======== Information shown
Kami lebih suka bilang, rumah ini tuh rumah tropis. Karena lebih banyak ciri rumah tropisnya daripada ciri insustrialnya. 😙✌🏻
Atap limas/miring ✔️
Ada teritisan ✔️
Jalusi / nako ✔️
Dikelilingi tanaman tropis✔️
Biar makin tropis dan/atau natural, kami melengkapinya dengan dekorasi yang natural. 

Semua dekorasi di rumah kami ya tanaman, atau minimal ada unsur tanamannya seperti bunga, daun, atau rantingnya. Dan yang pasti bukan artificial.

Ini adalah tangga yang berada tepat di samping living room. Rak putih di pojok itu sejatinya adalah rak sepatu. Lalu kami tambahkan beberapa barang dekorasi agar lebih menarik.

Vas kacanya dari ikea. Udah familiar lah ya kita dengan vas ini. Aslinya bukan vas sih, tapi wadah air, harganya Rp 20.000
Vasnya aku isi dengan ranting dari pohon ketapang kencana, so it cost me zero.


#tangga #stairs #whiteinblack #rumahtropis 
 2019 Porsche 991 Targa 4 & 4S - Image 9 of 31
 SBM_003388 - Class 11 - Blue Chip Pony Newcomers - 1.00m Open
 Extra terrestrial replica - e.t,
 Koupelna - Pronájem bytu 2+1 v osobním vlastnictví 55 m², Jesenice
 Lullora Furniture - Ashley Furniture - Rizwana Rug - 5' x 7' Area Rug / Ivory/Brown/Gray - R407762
================
*Goal of the exercise*. In the entries above, restate word for word the lines between the one holding "Ada teritisan ✔️" and the one holding "Semua dekorasi di", inclusive, and nothing besides.

*Result*.
Ada teritisan ✔️
Jalusi / nako ✔️
Dikelilingi tanaman tropis✔️
Biar makin tropis dan/atau natural, kami melengkapinya dengan dekorasi yang natural. 

Semua dekorasi di rumah kami ya tanaman, atau minimal ada unsur tanamannya seperti bunga, daun, atau rantingnya. Dan yang pasti bukan artificial.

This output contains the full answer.